- HOW TO COMPLETE THIS TASK: Copy each entry below verbatim. Skip the pictures.

# # # #

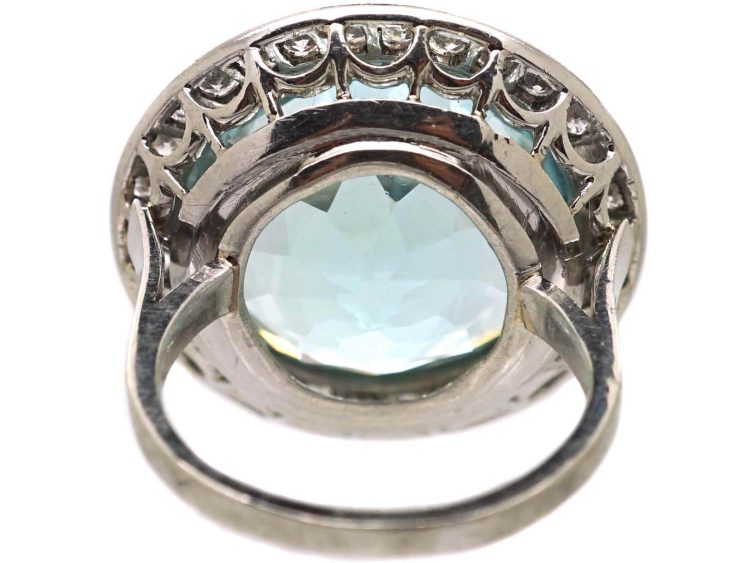 Art Deco 18ct White Gold Large Aquamarine & Diamond Cluster Ring in OrIginal Case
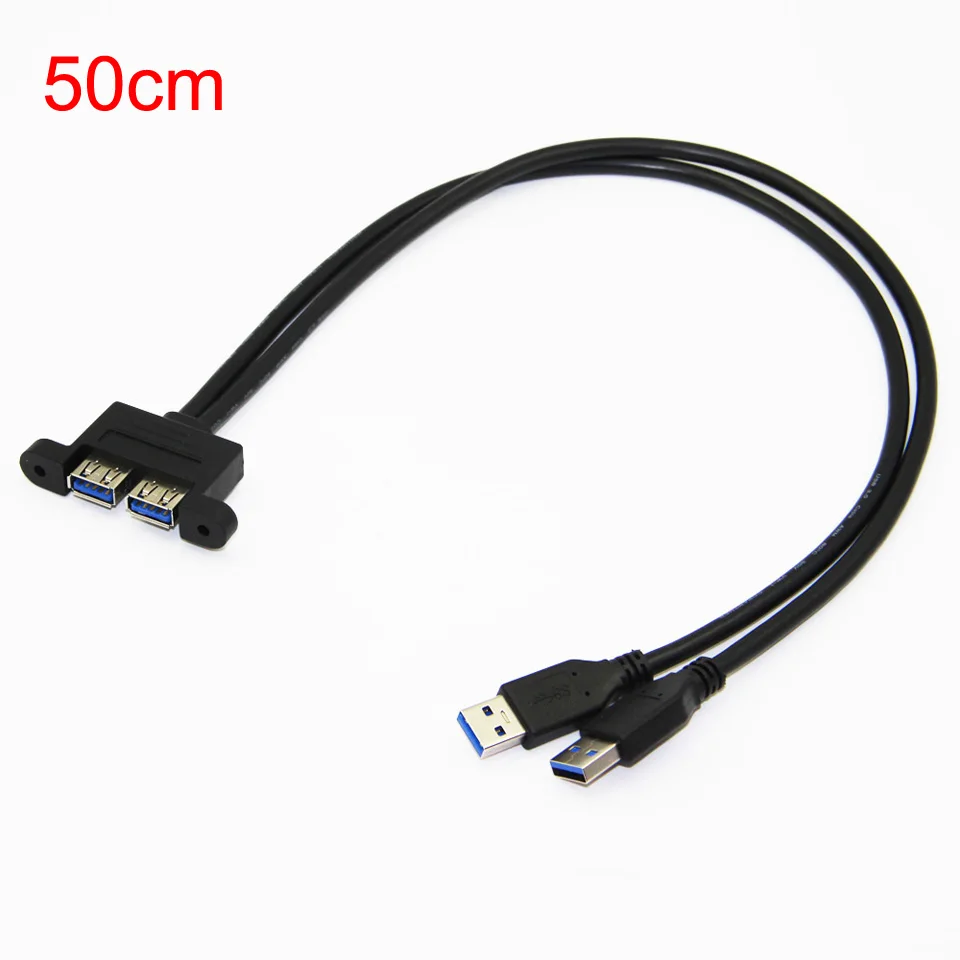 USB 3.0 Male to Dual USB 3.0 Female USB 3.0 Extension Cable with Screw Panel Mount Shielded 30cm 50cm 1m 1.5m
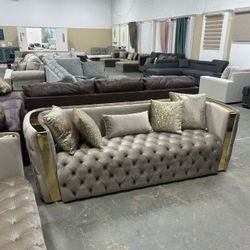 FANCI IVORY VELVET SOFA & LOVESEAT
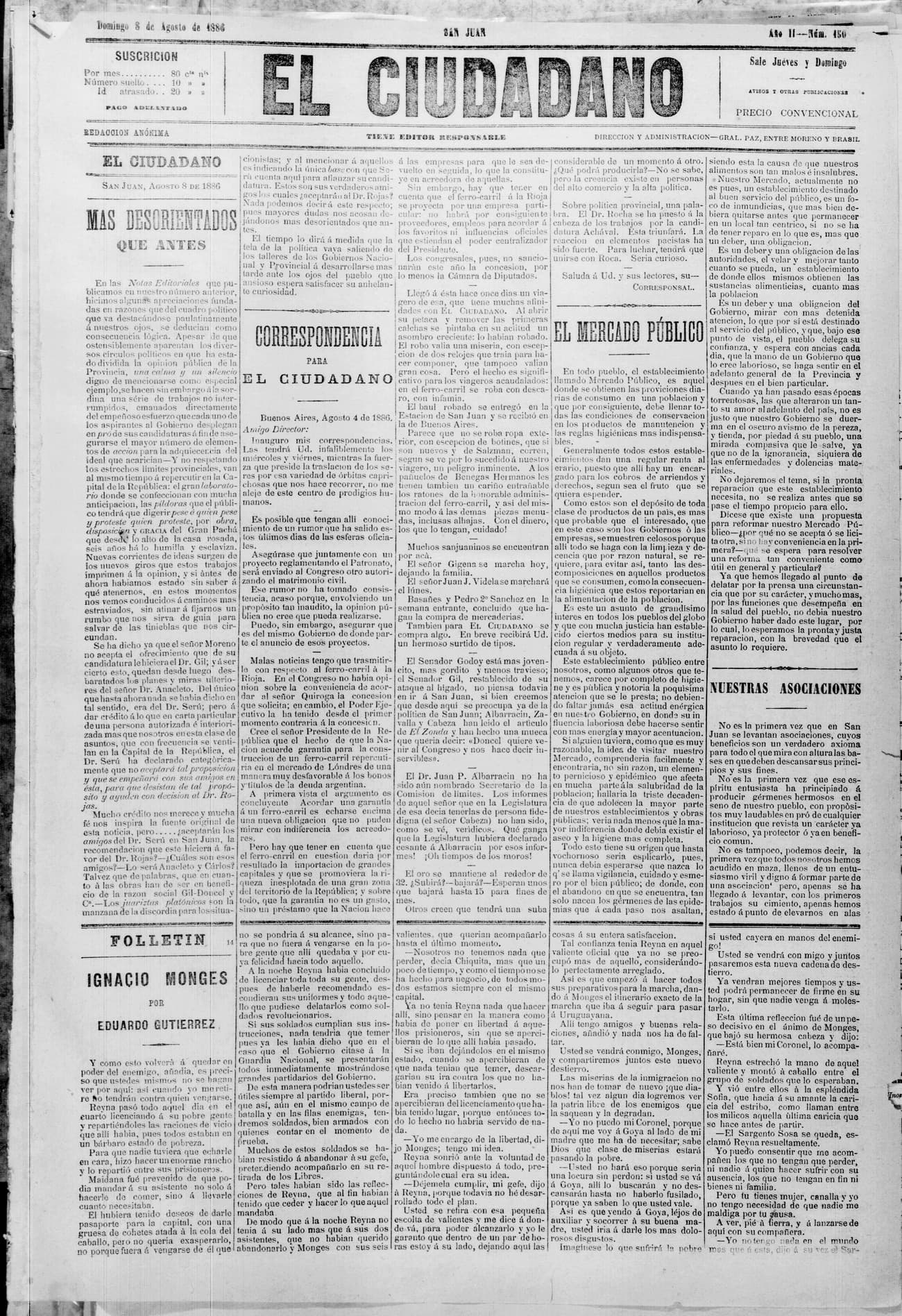 Portada · 8 de Agosto de 1886
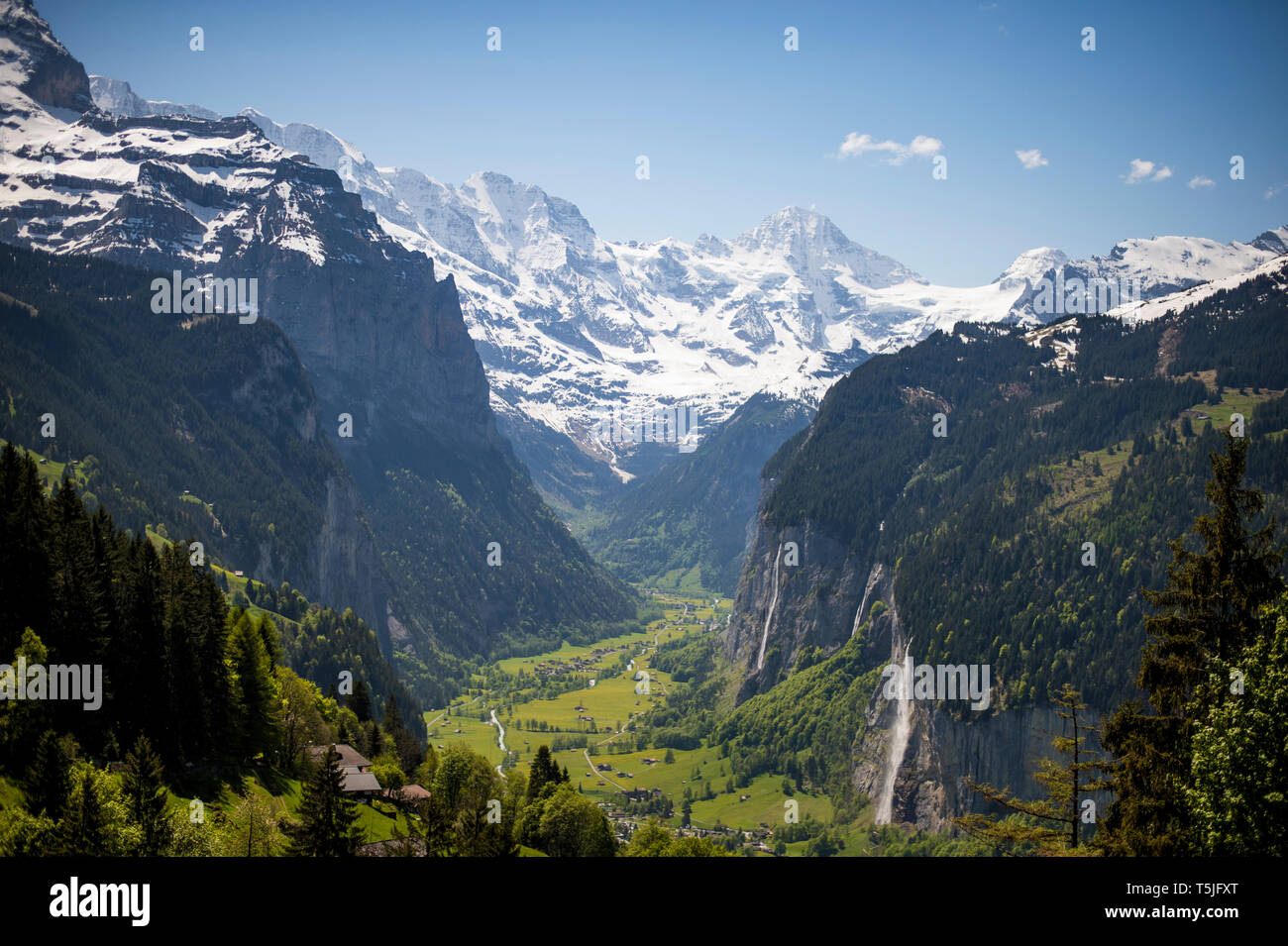 Lauterbrunnen valley in the pristine Swiss alps Stock Photo
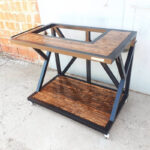 Мангал кований зі столиками та знімною жаровнею на коліщатках  М37 - Зображення 3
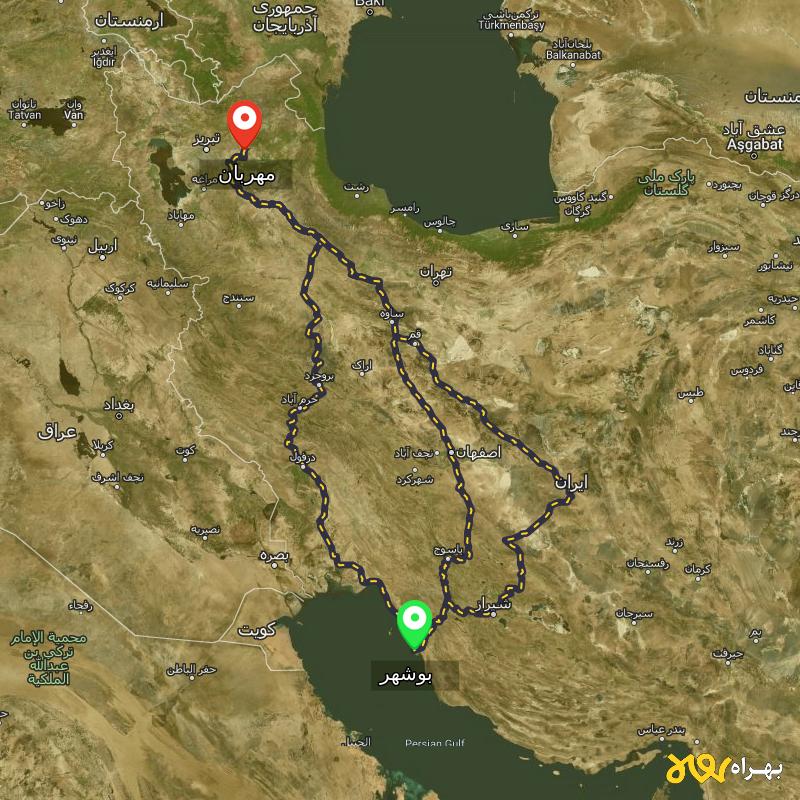 مسافت و فاصله مهربان - آذربایجان شرقی تا بوشهر از ۳ مسیر - مهر ۱۴۰۳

# # # #

- EXERCISE OUTPUT:
 Art Deco 18ct White Gold Large Aquamarine & Diamond Cluster Ring in OrIginal Case
 USB 3.0 Male to Dual USB 3.0 Female USB 3.0 Extension Cable with Screw Panel Mount Shielded 30cm 50cm 1m 1.5m
 FANCI IVORY VELVET SOFA & LOVESEAT
 Portada · 8 de Agosto de 1886
 Lauterbrunnen valley in the pristine Swiss alps Stock Photo
 Мангал кований зі столиками та знімною жаровнею на коліщатках  М37 - Зображення 3
 مسافت و فاصله مهربان - آذربایجان شرقی تا بوشهر از ۳ مسیر - مهر ۱۴۰۳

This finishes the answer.